(What is being asked): Before copying, find the line below that contains "Трусы мужские мини"; then return it and all later lines exactly, up to and including the final line, with no pictures.

[Extracted material]

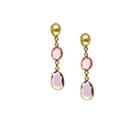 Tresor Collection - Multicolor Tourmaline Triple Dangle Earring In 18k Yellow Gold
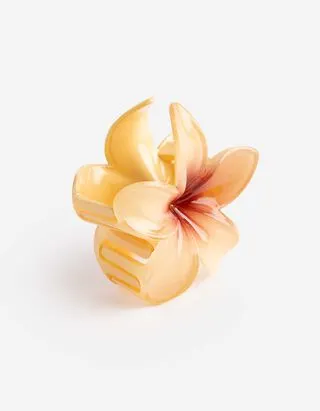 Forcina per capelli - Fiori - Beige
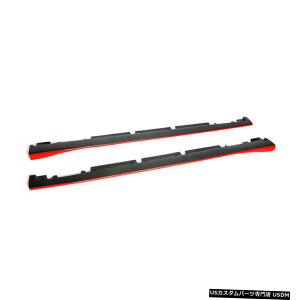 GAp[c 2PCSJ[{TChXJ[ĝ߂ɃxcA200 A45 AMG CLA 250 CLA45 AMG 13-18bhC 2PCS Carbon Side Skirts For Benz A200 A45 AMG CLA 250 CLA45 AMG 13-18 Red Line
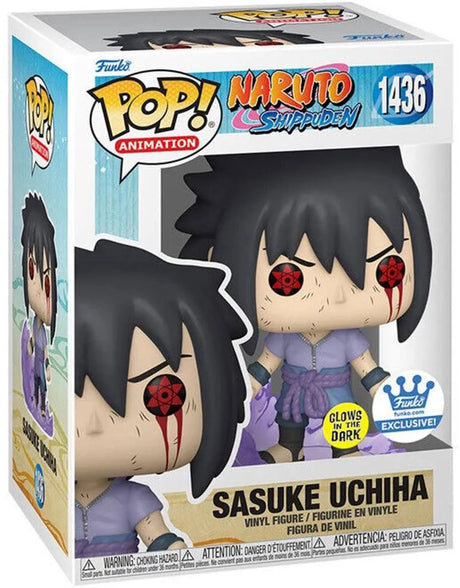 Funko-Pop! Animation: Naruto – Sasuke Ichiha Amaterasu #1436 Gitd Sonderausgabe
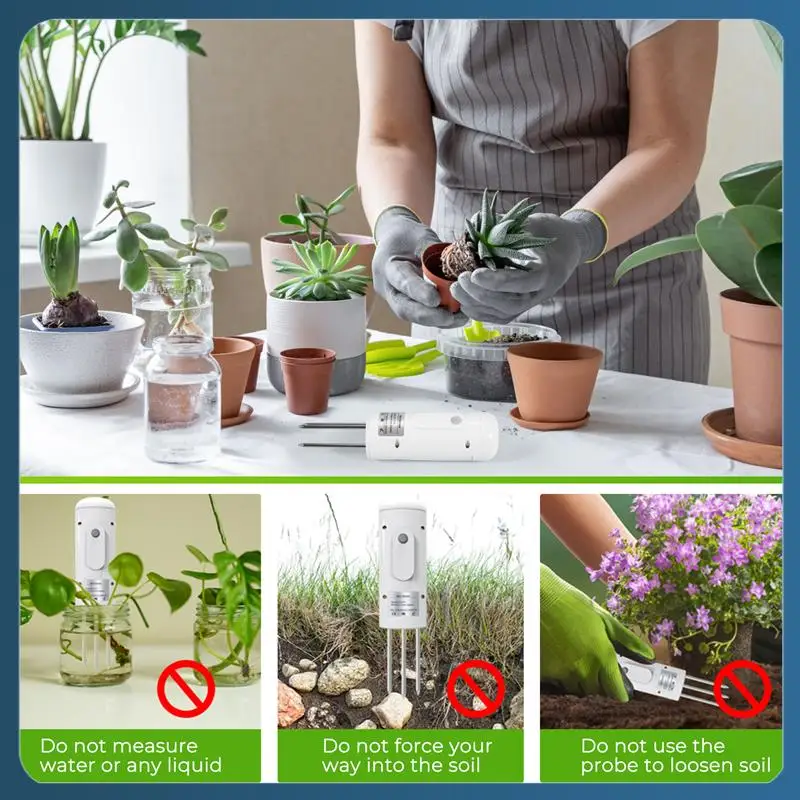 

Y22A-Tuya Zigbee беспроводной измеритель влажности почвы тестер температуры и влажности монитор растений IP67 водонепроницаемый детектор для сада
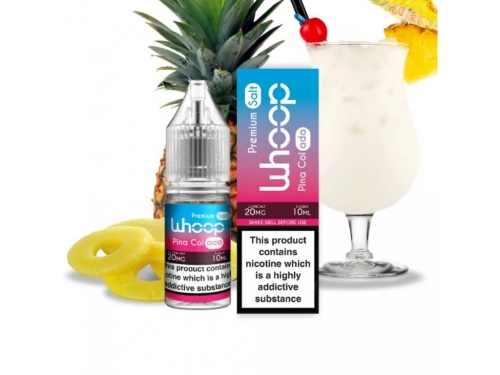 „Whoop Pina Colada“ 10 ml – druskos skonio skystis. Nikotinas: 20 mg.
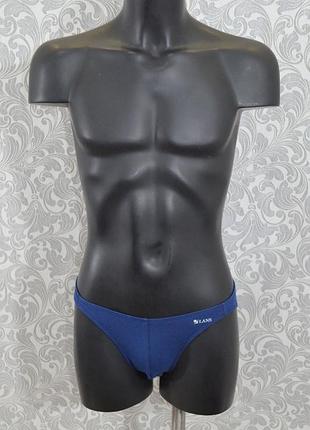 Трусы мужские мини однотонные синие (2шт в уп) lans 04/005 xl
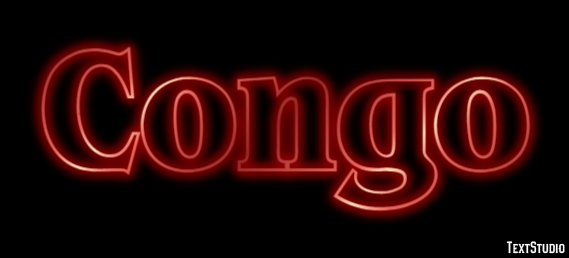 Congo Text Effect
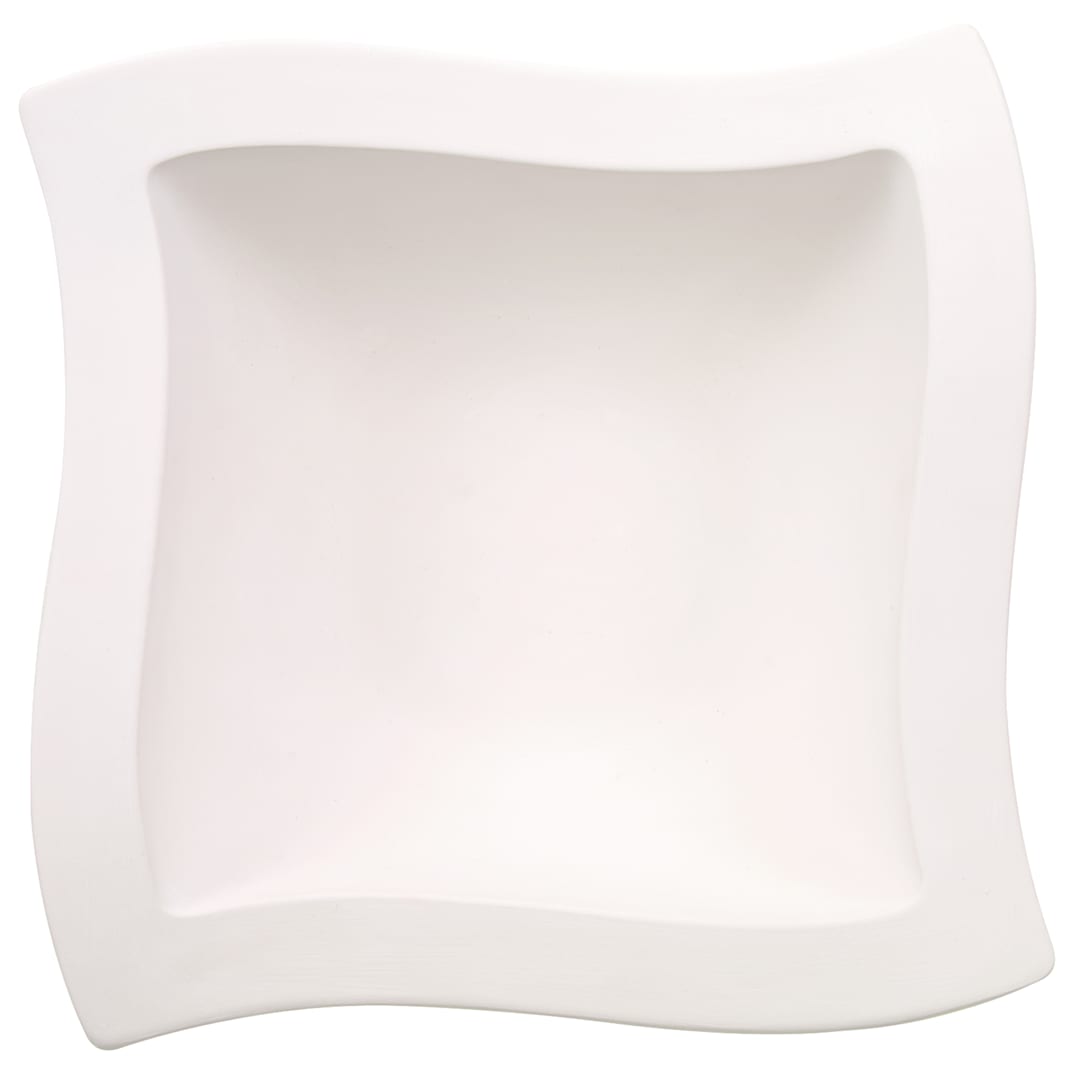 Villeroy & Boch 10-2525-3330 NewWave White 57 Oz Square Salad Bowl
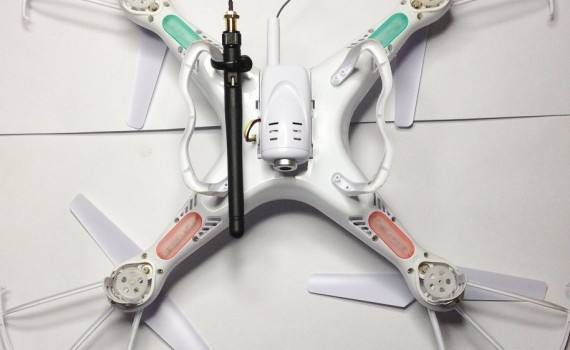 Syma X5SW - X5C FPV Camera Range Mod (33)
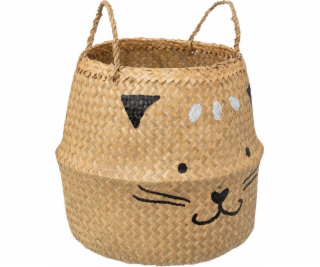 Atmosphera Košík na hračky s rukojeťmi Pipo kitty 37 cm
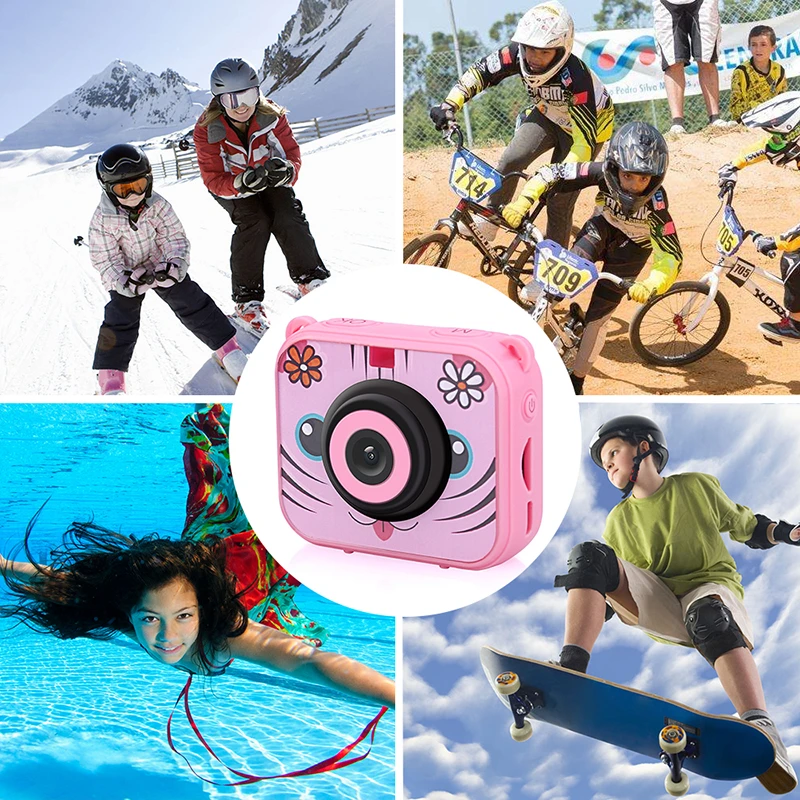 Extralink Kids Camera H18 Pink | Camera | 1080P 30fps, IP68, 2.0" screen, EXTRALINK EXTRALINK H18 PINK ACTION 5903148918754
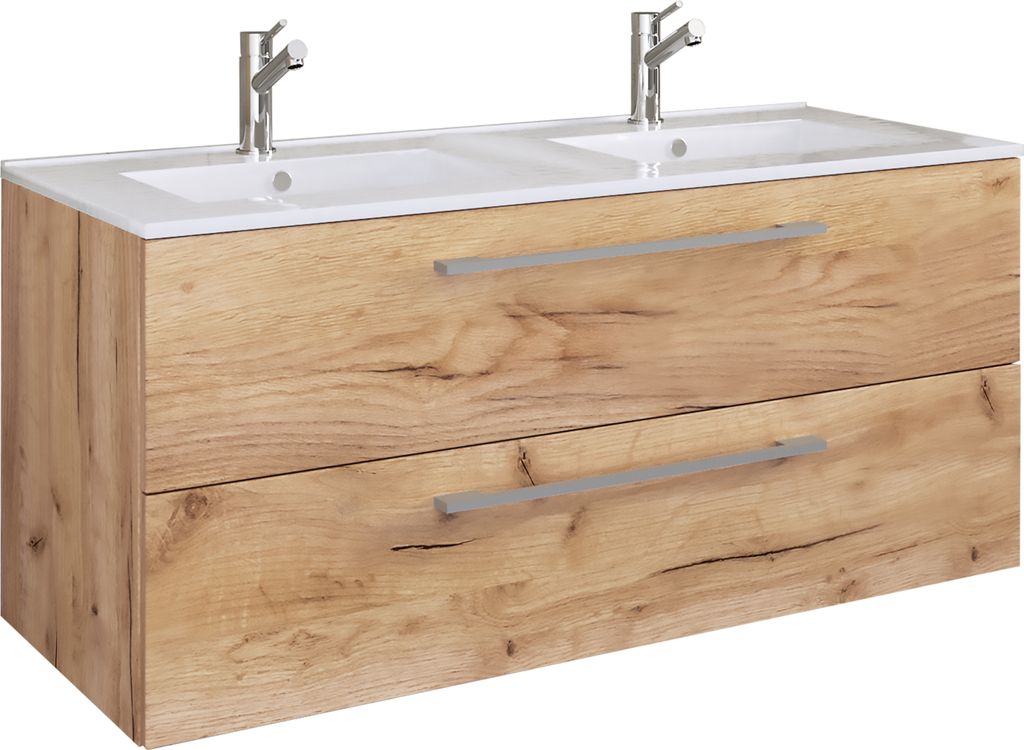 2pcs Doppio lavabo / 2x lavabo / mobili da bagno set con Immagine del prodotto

[/Extracted material]

(Answer):
 Трусы мужские мини однотонные синие (2шт в уп) lans 04/005 xl
 Congo Text Effect
 Villeroy & Boch 10-2525-3330 NewWave White 57 Oz Square Salad Bowl
 Syma X5SW - X5C FPV Camera Range Mod (33)
 Atmosphera Košík na hračky s rukojeťmi Pipo kitty 37 cm
 Extralink Kids Camera H18 Pink | Camera | 1080P 30fps, IP68, 2.0" screen, EXTRALINK EXTRALINK H18 PINK ACTION 5903148918754
 2pcs Doppio lavabo / 2x lavabo / mobili da bagno set con Immagine del prodotto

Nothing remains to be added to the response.